Input data: Begin

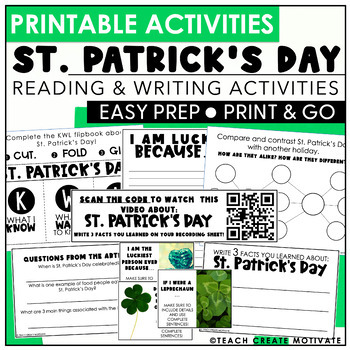Preview of St. Patrick's Day Writing Activities, Reading Passages & Questions, Centers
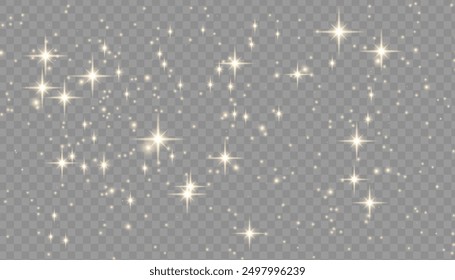 Sparkling magical dust particles. Flying particles of light. Christmas light bokeh confetti effect. Glitter gold stardust particles shine effect on png background. Vector sparkle texture illustration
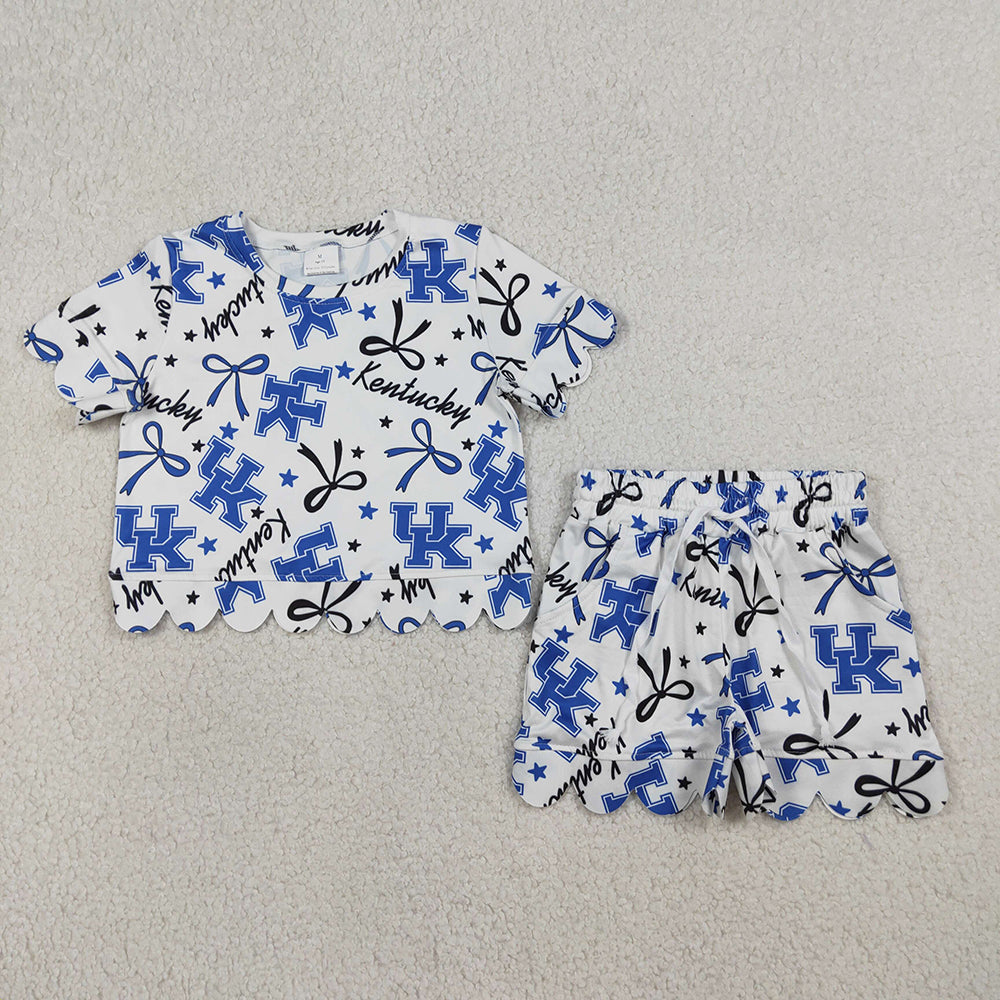 8 Colors Teams Stars & Bows Print Girls Scallop Summer Clothes Set Sisters Wear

Input data: End

--- Problem ---
With pictures omitted, restate exactly every line from the one containing "Sparkling magical dust" through the last line of the material, inclusive.

--- Answer space ---
 Sparkling magical dust particles. Flying particles of light. Christmas light bokeh confetti effect. Glitter gold stardust particles shine effect on png background. Vector sparkle texture illustration
 8 Colors Teams Stars & Bows Print Girls Scallop Summer Clothes Set Sisters Wear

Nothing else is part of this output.